By Richard Walker —
The elites in the mainstream media are celebrating reports that President Barack Hussein Obama has been exploiting America’s major role as an oil producer to get into bed with the Saudis and wage economic warfare against Iran and Russia.
The theory advanced by the likes of Tom Friedman of The New York Times is that Obama and the Saudis have been flooding the market with crude oil to drive prices down. This has resulted in a 40% drop in global prices in the past four months. The deflationary effect, said Friedman and others, will wreck the economies of Iran and Russia over time since they depend on oil remaining over $100 a barrel to boost their economies.
The story goes that the Saudis want to attack Iran and Russia in order to weaken their support for Syria—objectives that fit neatly into Obama’s foreign policy aims.
The problem with all of this, of course, is that the oil weapon, which traditionally has not proved particularly effective, could result in long-term damage to the U.S. economy if countries opposed to Washington decide to influence markets as well.
It should not be forgotten that the United States does not even need to play this cynical game. America is floating on oil and natural gas, which is all we need to supply Americans’ energy needs. And that’s what makes what the U.S. government is doing even more dangerous as the price of oil is influenced highly by international markets. This means that whatever the U.S. does internationally will come back to haunt U.S. energy companies and those Americans who drill for oil and natural gas.

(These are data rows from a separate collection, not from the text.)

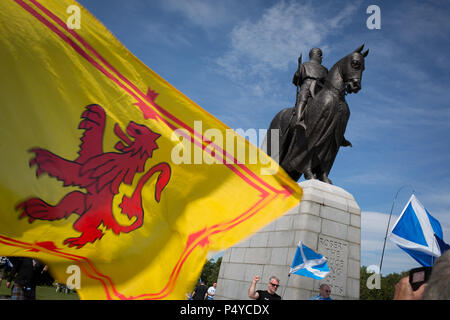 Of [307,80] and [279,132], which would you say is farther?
[279,132]

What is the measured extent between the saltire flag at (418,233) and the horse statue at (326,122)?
1936mm

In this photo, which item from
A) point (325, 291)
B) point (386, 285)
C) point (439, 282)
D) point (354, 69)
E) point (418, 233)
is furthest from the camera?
point (386, 285)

But choosing to use oil as a weapon, which is just another form of sanctions, could be compared to the way Obama used cyber-weapons by joining with Israel to unleash the Stuxnet virus against Iran’s nuclear infrastructure. The effect of that was to make cyber-warfare an acceptable foreign policy weapon. Other countries soon followed this example, and cyber-attacks from countries like North Korea have become commonplace.
There are also many imponderables surrounding the Obama-Saudi strategy. In some circles, there is a genuine belief the Saudis have conned Obama into using oil as a weapon because keeping energy prices low means that, long term, shale oil extraction as well as the fracking industry in the U.S., which are major Saudi competitors, will be hurt.
Fracking is expensive as is drilling for shale oil. Only when crude is over $100 a barrel are these highly profitable enterprises. Should the collapse in prices remain, fracking will quickly become unprofitable and many U.S. companies will be forced out of business. They will then have to pay back massive loans they received to run their operations.
So where does all this leave Russia?
In the short term, cheap oil hurts Russia. There is, however, a belief in Russian intelligence circles that Obama is using oil prices as yet another sanction because elites are looking to control world energy, especially by dominating the Arctic in the coming decade.
A Russian intelligence source who spoke with this reporter had this to say: “Obama’s strategy in keeping oil prices low is to damage the Russian economy and limit Russia’s long-term plans to develop energy in the Arctic. The problem is the oil market is a fickle thing and the Saudis may have the last laugh by hurting America’s fracking industry and so returning power to the Arabs in OPEC [Organization of the Petroleum Exporting Countries]. Obama’s choice of energy as a weapon will only make its use more widespread in the future and there could come a time when America is targeted by such a weapon. People in Washington should understand there is a major risk in hurting Russia. Those who think Russia will just sit back and take the pain should think again. Russia has options.”
A similar warning appeared in The Economist magazine when one writer remarked, “Optimists think economic pain may make these countries more amenable to international pressure. Pessimists fear that, when cornered, they may lash out.”
When Russian President Vladimir Putin was asked about the oil plot theory, he remarked there may indeed be a plot by Obama and the Saudis to hurt Russia, Iran and Venezuela.
However, he also suggested it could be a “struggle between the traditional producers of raw materials and shale oil,” meaning between the Arabs as traditional extractors of crude and the fracking industry worldwide, especially in America.
Richard Walker is the pen name of a former N.Y. news producer.